The researchers developed a brand-new method that overcomes the difficulties in detecting ‘sleeping’ cells that is based on their genetic profiles to profile the ‘sleeping’ cells’ signals in a range of treatment-resistant cancers found in the lung, breast, and liver. Lead researcher, Dr Maria Secrier, whose team brought computational expertise from the UCL Genetics Institute elaborated

“Our new method will enable scientists to further study these cells and develop new biomarkers that could be used to monitor cancer progression and therapy response, and potentially develop new drugs that could effectively eradicate these cells.”

Dr Maria Secrier, lead researcher of this new publication, and her team at the UCL Genetics Institute used their computational expertise to develop the new methodology.

Researchers used machine learning that integrated hundreds of known drivers of tumour formation to assess which genes hold an influence on whether a fast-dividing cancer cell becomes a ‘sleeping’ cell. This analysis identified new genomic modulators of this process that could determine whether the cells will respond to therapy.
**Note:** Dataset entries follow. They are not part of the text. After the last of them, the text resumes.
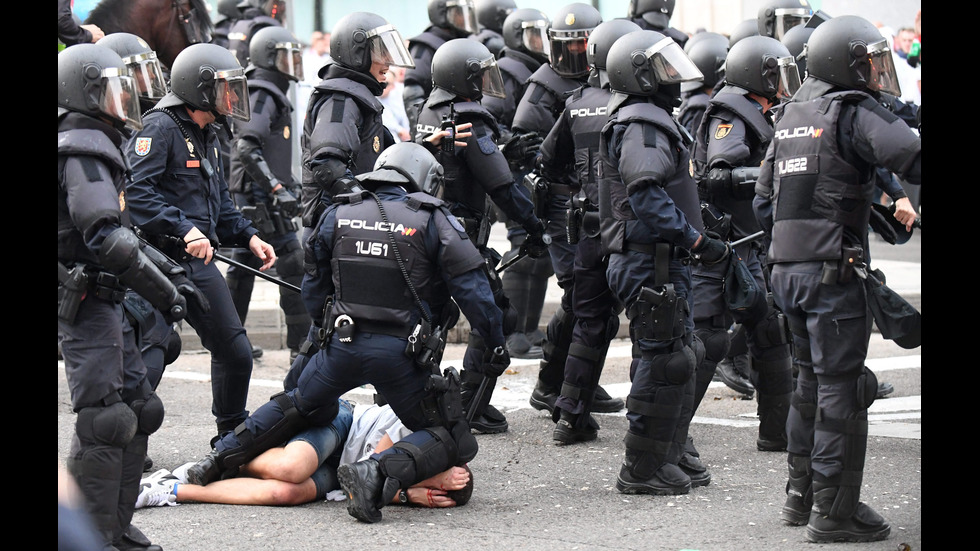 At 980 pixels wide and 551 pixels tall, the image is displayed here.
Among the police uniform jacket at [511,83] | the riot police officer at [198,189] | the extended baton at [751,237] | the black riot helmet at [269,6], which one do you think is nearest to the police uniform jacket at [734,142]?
the extended baton at [751,237]

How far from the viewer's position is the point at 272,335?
1005 centimetres

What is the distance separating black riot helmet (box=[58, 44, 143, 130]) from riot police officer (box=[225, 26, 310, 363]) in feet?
12.1

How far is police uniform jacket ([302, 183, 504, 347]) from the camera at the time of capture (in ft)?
18.4

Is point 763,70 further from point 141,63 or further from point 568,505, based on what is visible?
point 141,63

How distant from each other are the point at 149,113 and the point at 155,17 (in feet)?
10.6

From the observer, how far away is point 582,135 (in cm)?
705

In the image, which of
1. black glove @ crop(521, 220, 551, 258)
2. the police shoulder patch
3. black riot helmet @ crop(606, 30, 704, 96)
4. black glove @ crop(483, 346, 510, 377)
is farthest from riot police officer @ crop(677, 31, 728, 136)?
the police shoulder patch

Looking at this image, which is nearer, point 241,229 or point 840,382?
point 840,382

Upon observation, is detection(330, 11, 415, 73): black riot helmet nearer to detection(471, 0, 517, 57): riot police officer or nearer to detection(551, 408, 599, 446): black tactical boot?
detection(551, 408, 599, 446): black tactical boot

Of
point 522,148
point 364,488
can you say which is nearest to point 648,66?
point 522,148

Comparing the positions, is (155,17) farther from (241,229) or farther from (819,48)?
(819,48) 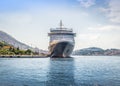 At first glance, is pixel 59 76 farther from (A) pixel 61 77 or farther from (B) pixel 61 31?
(B) pixel 61 31

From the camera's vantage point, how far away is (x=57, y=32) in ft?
595

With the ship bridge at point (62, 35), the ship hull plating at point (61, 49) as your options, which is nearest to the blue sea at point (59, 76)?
the ship hull plating at point (61, 49)

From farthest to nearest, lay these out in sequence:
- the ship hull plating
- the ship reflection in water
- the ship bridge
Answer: the ship bridge
the ship hull plating
the ship reflection in water

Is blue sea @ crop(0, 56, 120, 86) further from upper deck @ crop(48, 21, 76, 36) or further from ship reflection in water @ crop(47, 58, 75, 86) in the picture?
upper deck @ crop(48, 21, 76, 36)

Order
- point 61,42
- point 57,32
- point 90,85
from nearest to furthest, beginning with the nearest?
point 90,85 → point 61,42 → point 57,32

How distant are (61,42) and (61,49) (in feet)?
16.2

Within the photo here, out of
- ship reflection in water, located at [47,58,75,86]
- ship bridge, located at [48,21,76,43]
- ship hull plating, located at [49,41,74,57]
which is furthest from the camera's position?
ship bridge, located at [48,21,76,43]

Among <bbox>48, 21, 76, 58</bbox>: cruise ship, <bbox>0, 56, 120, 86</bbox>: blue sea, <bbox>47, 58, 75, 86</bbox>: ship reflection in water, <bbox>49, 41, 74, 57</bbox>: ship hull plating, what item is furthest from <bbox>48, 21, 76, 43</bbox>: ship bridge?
<bbox>47, 58, 75, 86</bbox>: ship reflection in water

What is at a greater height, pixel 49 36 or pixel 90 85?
pixel 49 36

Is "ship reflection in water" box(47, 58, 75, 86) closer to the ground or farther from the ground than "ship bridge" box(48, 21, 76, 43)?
closer to the ground

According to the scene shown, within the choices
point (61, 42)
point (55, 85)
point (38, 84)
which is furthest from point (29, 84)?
point (61, 42)

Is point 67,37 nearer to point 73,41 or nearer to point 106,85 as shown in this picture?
point 73,41

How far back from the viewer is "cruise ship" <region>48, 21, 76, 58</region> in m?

Through collaboration with the Cell Cycle Control team at the MRC LMS, led by Dr Alexis Barr, these genomic modulators could then be tested in experiments to see if perturbing their levels could push cells into or out of a sleeping state. For example, they found that blocking the genetic modulator CEP89 increases the tendency for cancer cells to enter a sleeping state and could be a potential new target for cancer treatment. Dr Alexis Barr added

“Identifying novel modulators of these sleeping cancer cells is very exciting. It opens up the possibility to identify, track and, hopefully, eliminate these long-term sleeping cells that remain under the radar in patients. The next steps will be to try and find out what these different genomic modulators are doing so we can work out how to manipulate them to the advantage of patients”.

Experimental work on this new method was led by the MRC LMS Cell Cycle Control team, led by Dr Alexis Barr.
Experimental work on this new method was led by the MRC LMS Cell Cycle Control team, led by Dr Alexis Barr.

The researchers’ discoveries are a significant step forward in understanding the ‘sleeping’ cells in tumours. These findings offer hope for the development of new biomarkers to monitor cancer progression and therapy response, as well as new drugs that can effectively eradicate these cells. As a result of this research, a number of currently untreatable forms of cancer could be treated in the future, making it an important step forward in cancer research.

This research ‘Genomic hallmarks and therapeutic implications of G0 cell cycle arrest in cancer‘ published in Genome Biology, was done by the MRC LMS Cell Cycle group in collaboration with University College London (UCL), Imperial College, University of Birmingham and the University of Oxford and was published in Genome Biology.

 This research was mainly funded by UKRI, the Medical Research Council, Academy of Medical Science, Wellcome Trust and Cancer Research UK.